Although relatively small in scale, compared to these larger fishery efforts, the results of Project PORT’s restoration efforts are not insignificant. Thousands of student participants from 30 partner schools have constructed over 29,000 shell bags that have become a settlement surface and home for more than 30 million young oysters.
The Project PORTS reef, currently off limits to harvest, was primarily built to support bay health and ecology. Located in the Delaware Bay off Gandy’s Beach in Cumberland County, it encompasses five acres and, for the past two years, has also served as part of the living shorelines project that seeks to rebuild area beaches destroyed by Hurricane Sandy. The living shoreline effort is a collaborative initiative led by The Nature Conservancy, and supported by the Partnership for the Delaware Estuary and the U.S. Fish and Wildlife Service.
But, the main objective of Project PORTS is not to build oyster reefs but to create an excitement for science, an appreciation for the Delaware Bay and to instill stewardship values, stress both Calvo and Paterno.
Long before students don their work gloves and begin filling bags from the large shell pile on the beach, they are already junior oyster experts. Through in-class lessons taught by Rutgers scientists prior to this culminating activity, the students have dissected oysters, created hypotheses, run experiments to demonstrate oyster feeding and constructed oyster fishery focused timelines. Altogether, Project PORT’s rich curriculum guide offers more than 20 classroom ready lessons that have proven to excite students while meeting national science education standards.
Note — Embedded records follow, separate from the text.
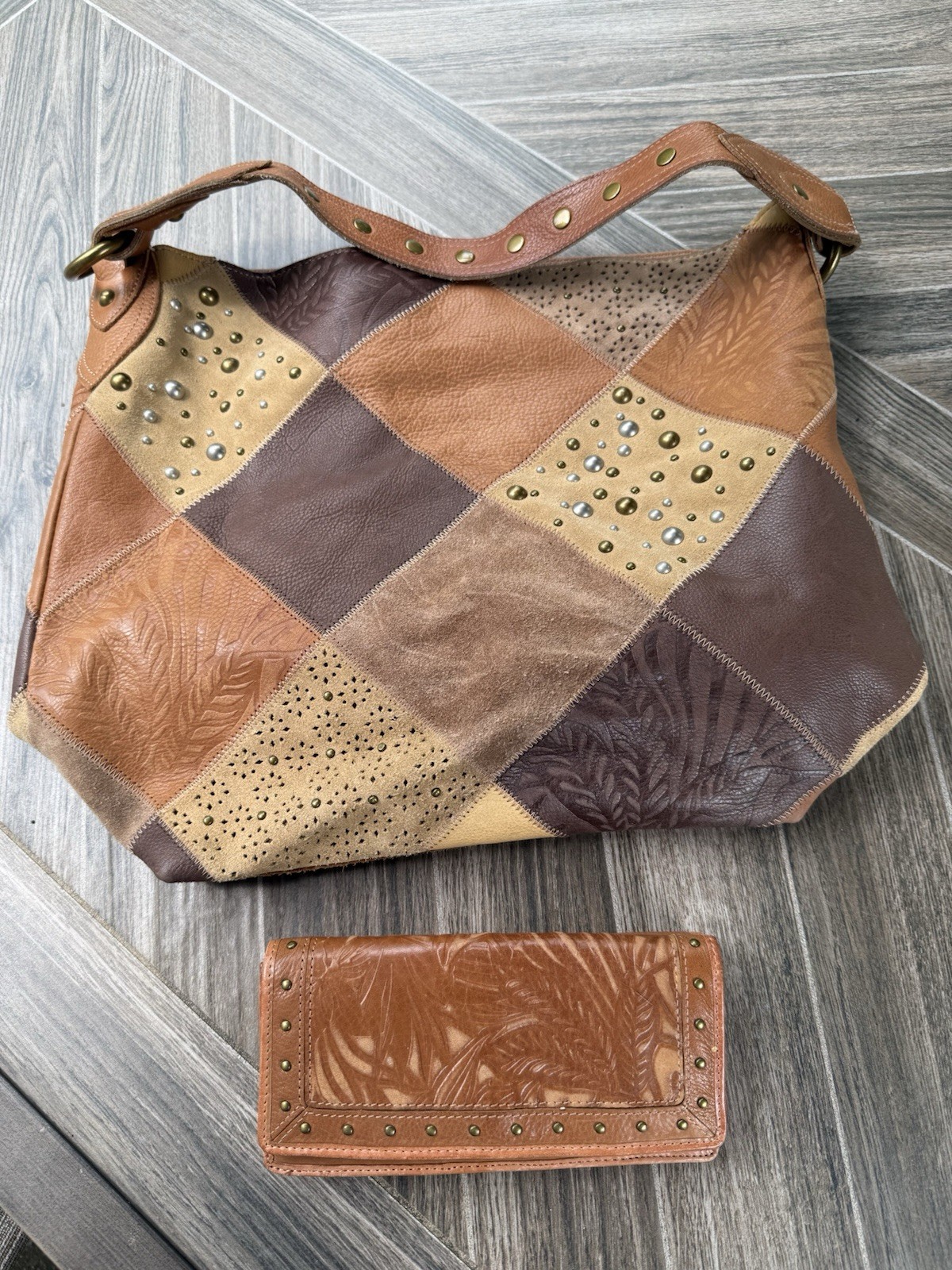 Patchwork Studded Shoulder Bag Brown/Tan w/ Matching Wallet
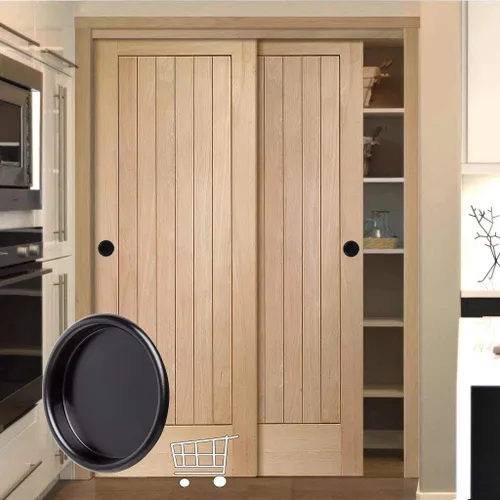 Miniatura 5 de 6 tiradores de dedo para puerta de armario de 2-1/8 pulgadas, color negro, circulares fáciles de poner, no necesitan clavos, perfecto para bolsillo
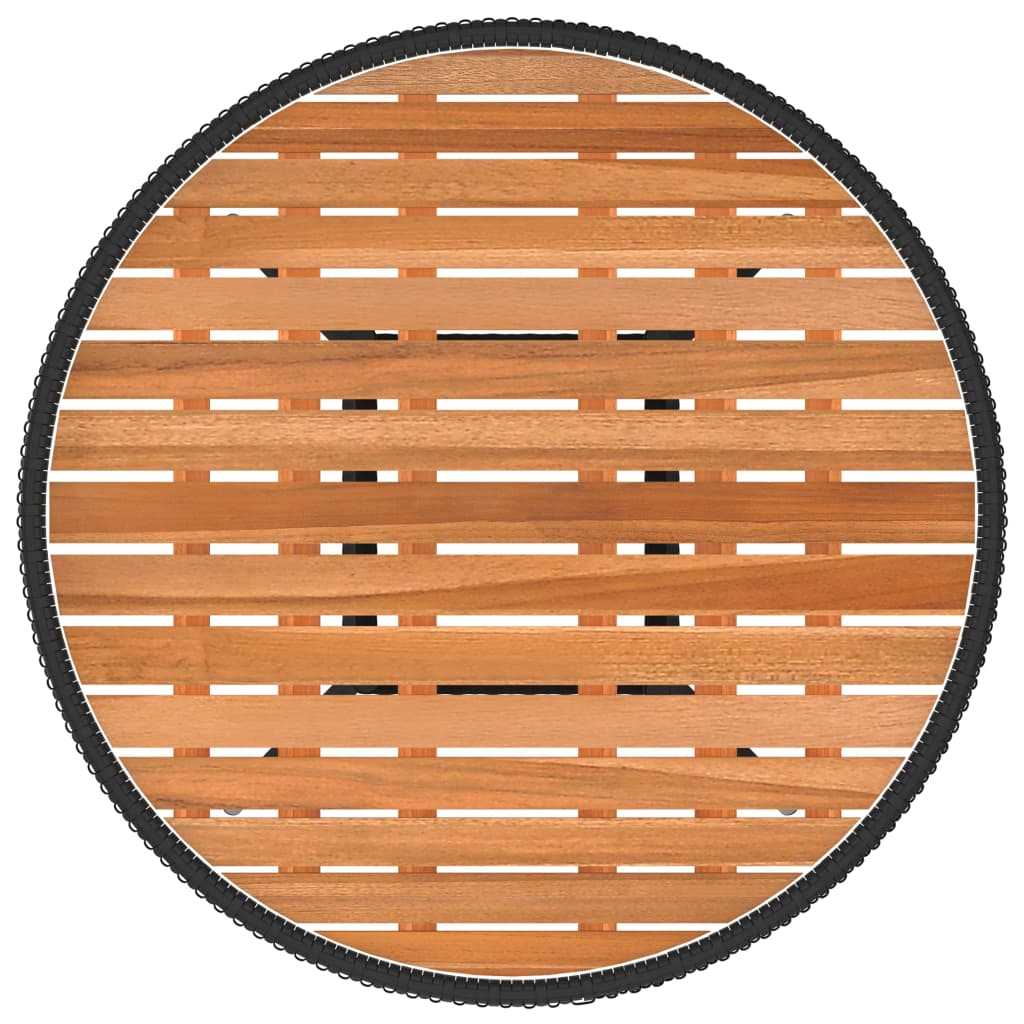 Garten-Esstisch Schwarz Ø 70 cm Poly Rattan Massivholz Akazie – Bild 3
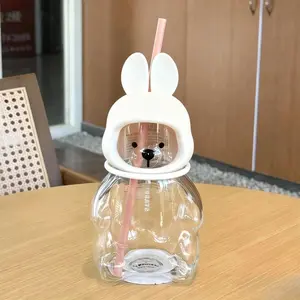 Starbucks Overseas 2024 Mid-Autumn Festival Rabbit Bear 20oz Glass Straw Cup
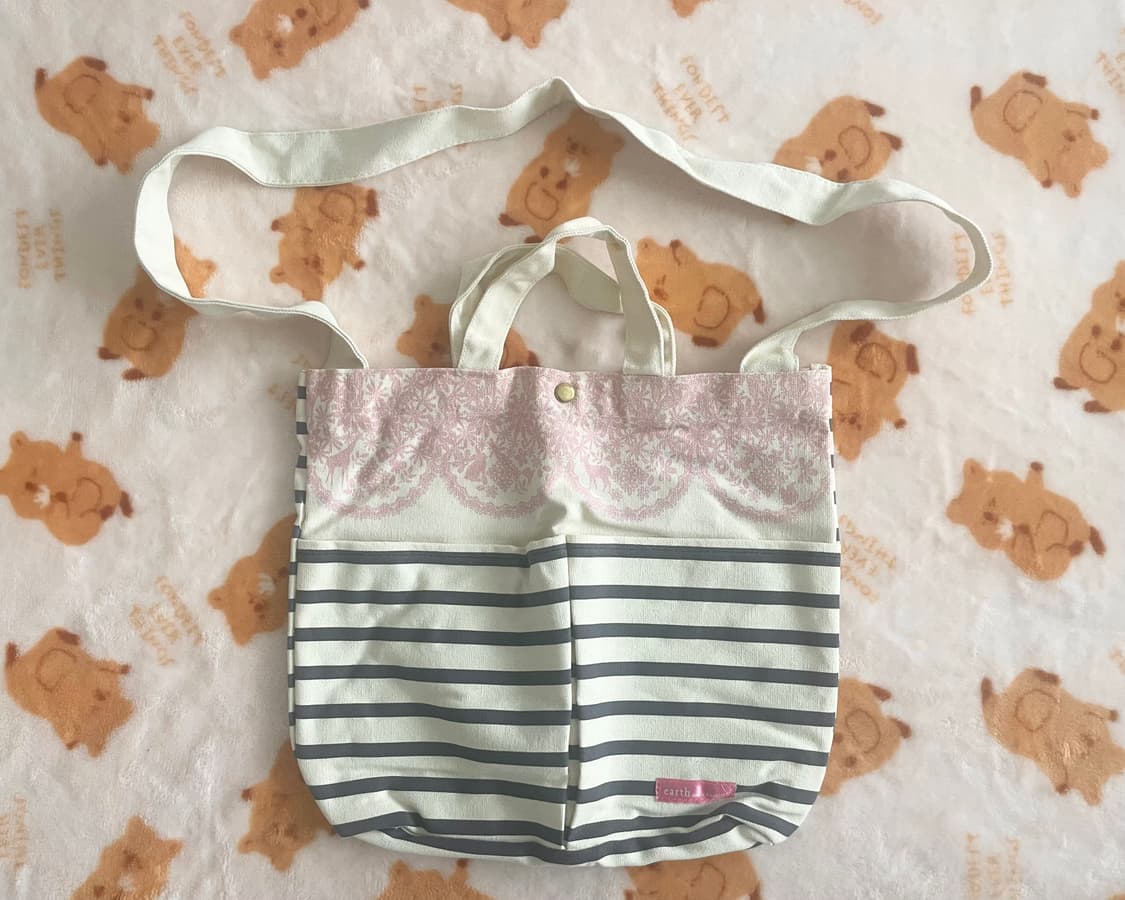 모리걸 빈티지 어스뮤직 캔버스 크로스백 🌸🤍 상품이미지1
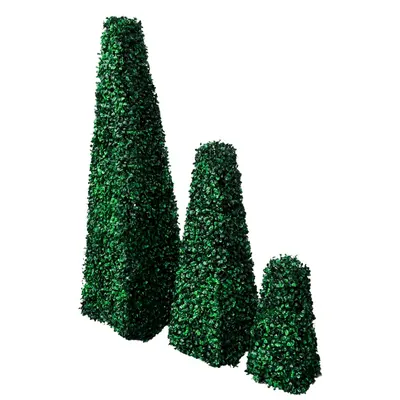 Set arbusti ornamentali artificiali piramida pe tulpina, 3 buc.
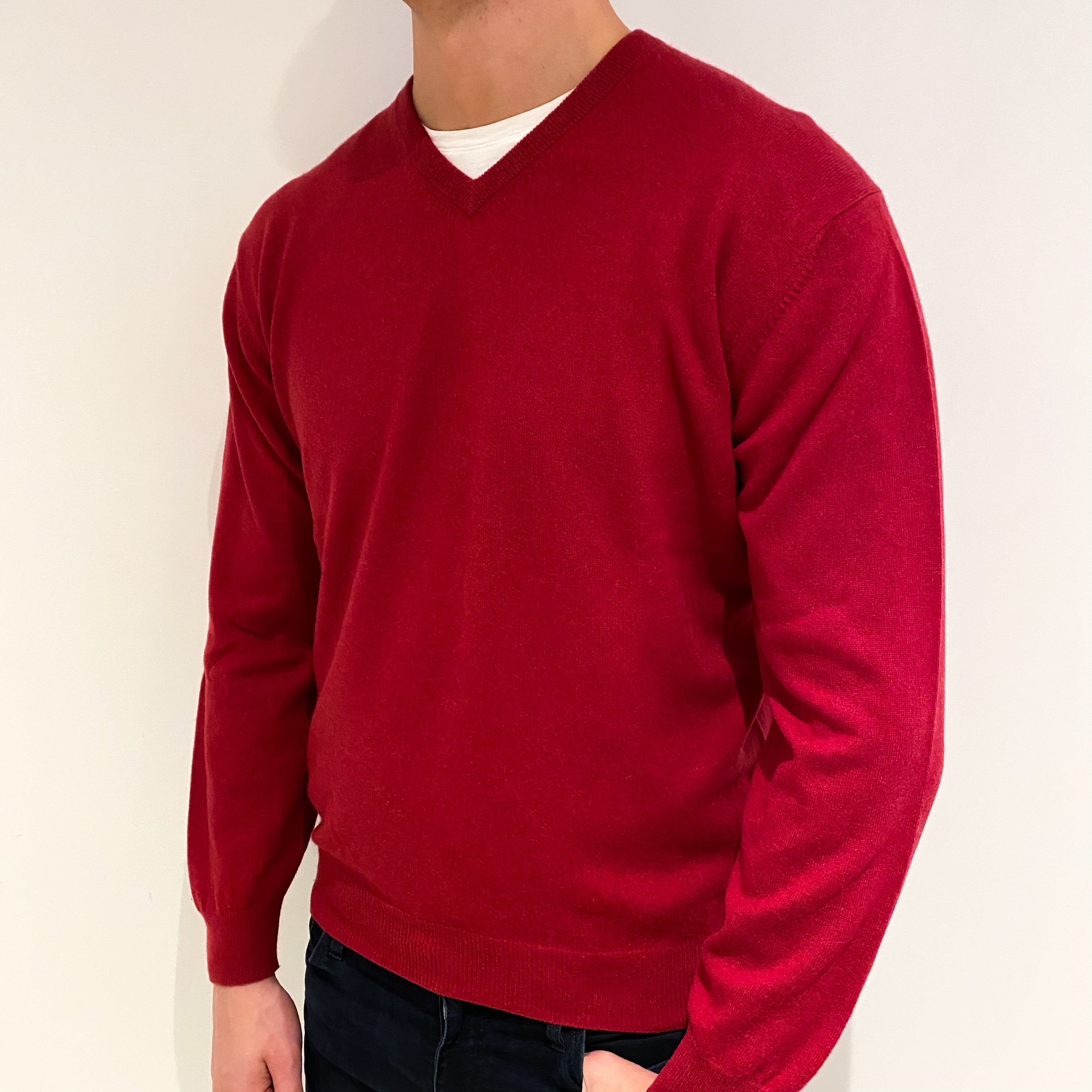 Men's Crimson Red Cashmere V Neck Jumper XL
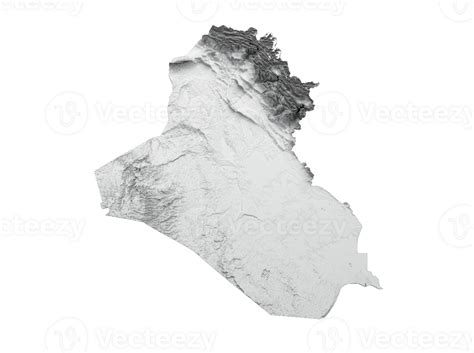 Iraq Map Flag Shaded relief Color Height map 3d illustration 29726323 PNG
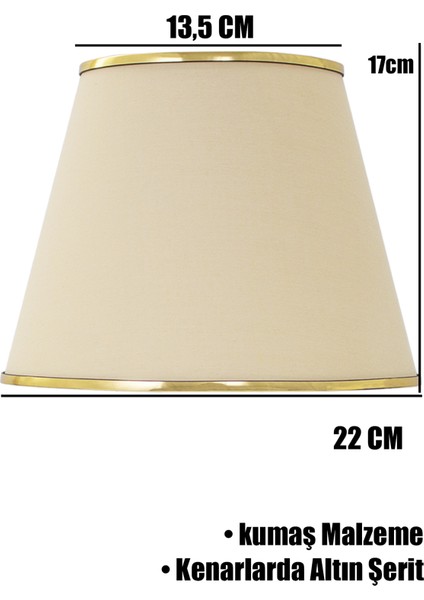 Krem Gold Şeritli Ikili Modern Abajur Şapkası fiyatları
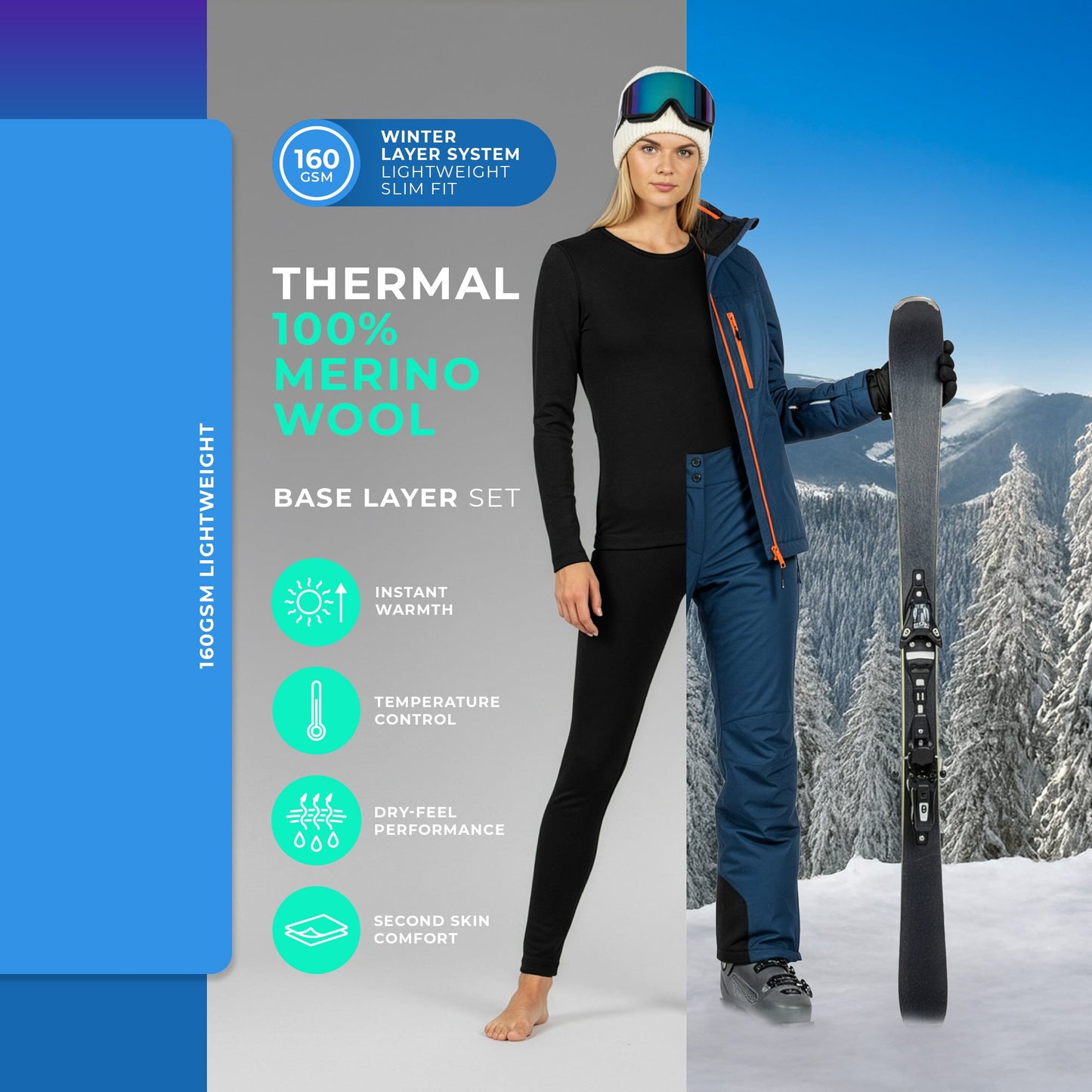 Women's 160 2-Piece Thermal Set Black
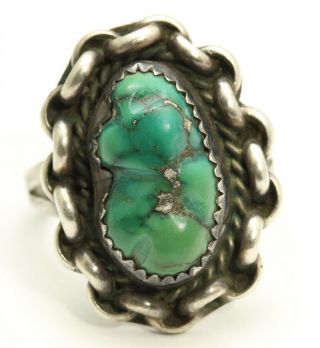 Vintage Navajo Sterling Silver Old Pawn Green Turquoise Nugget Chain Link Ring
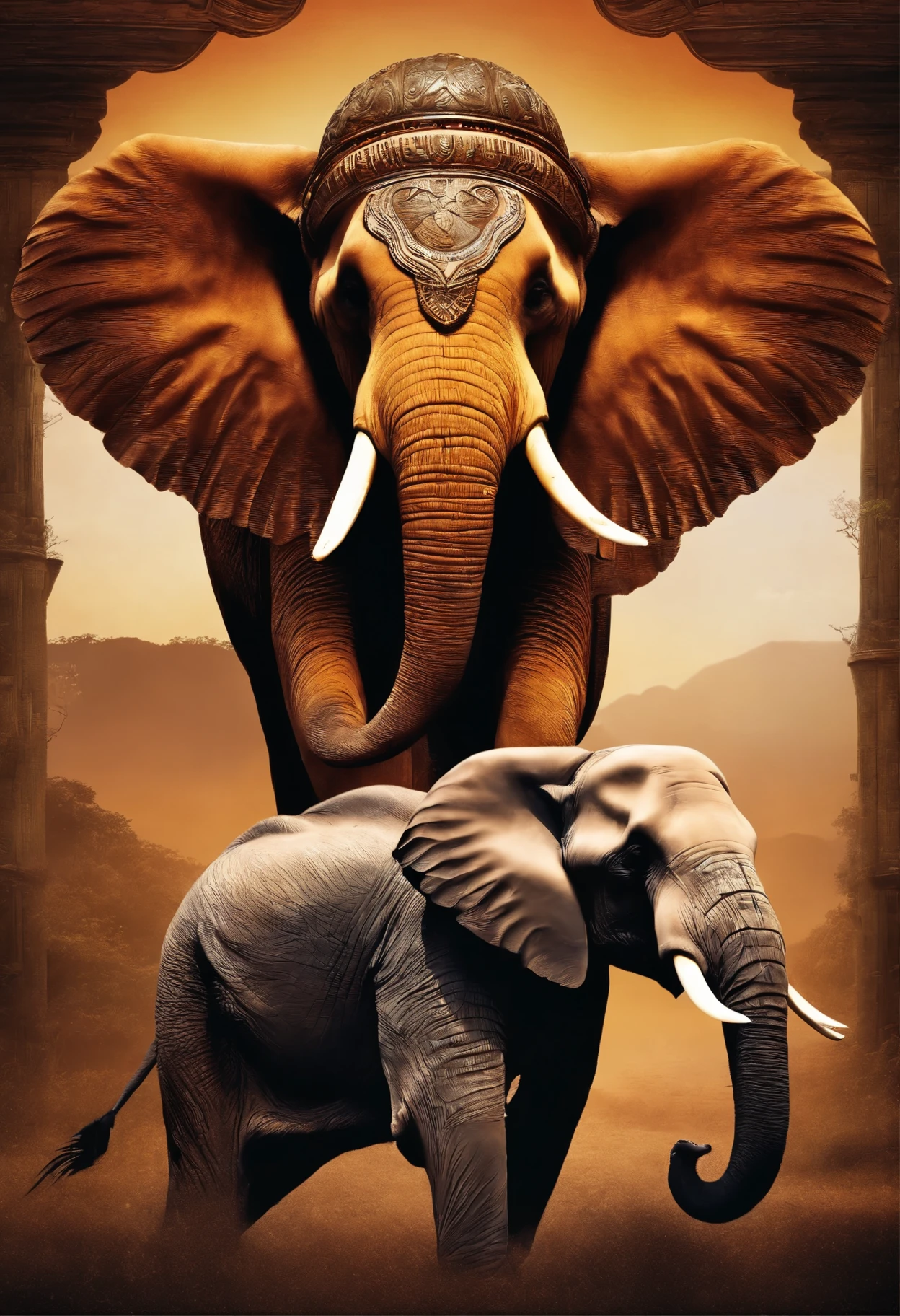Elephant and eagle mascot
Recently added lessons focus on the diversity and richness of species on and around the Project PORTS oyster reef that was started 10 years ago. Paterno, a recent graduate of Rutgers ecology and evolutionary master’s degree program, developed this particular activity using authentic data generated as part of her thesis research. The study focused on evaluating the ecological services of the small-scale Project PORTS reef relative to natural oyster reefs.
“The outcome was exciting as the research demonstrated that a viable, multi-generational oyster population has been established at the area and the restored reef supports species diversity, abundance and richness on par with the natural reefs,” explains Paterno. “This shows that the restored reef is functioning well and contributing to the ecological health of the Bay.”
Through the program’s holistic, experiential approach, students become more environmentally aware, literate and engaged. Assessments completed by students participating in Project PORTS over the past several years routinely show greater than 100% increases in average assessment score demonstrating significant gains in knowledge and understanding of ecosystem complexity.
“For many of the students, it is the first time they have the opportunity to see, firsthand, the environment that many of us [local adults] take for granted. To see the excitement on the faces of many students is something to behold,” says Sean Fallon, teacher at West Avenue School, Bridgeton, NJ.
As Project PORTS celebrates its 10th anniversary, Calvo reflects on the time that “passed way too fast.” She notes that the very first cohort of students that participated in PORTS is now college age, like Maggie Elgin, who came out with her grandfather to help deploy shell bags at the age of eight. Maggie, now a college student at the University of California majoring in marine biology and environmental science, recently wrote to let Calvo know how much Project PORTS had inspired her, adding that she was considering a summer internship working with oyster restoration in the Chesapeake Bay.
Calvo also fondly remembers Elly and Molly covered with mud after working on an oyster farm. They too had their first Bay experience through Project PORTS.
Funny thing about oysters; once attached, you may be stuck on them for life.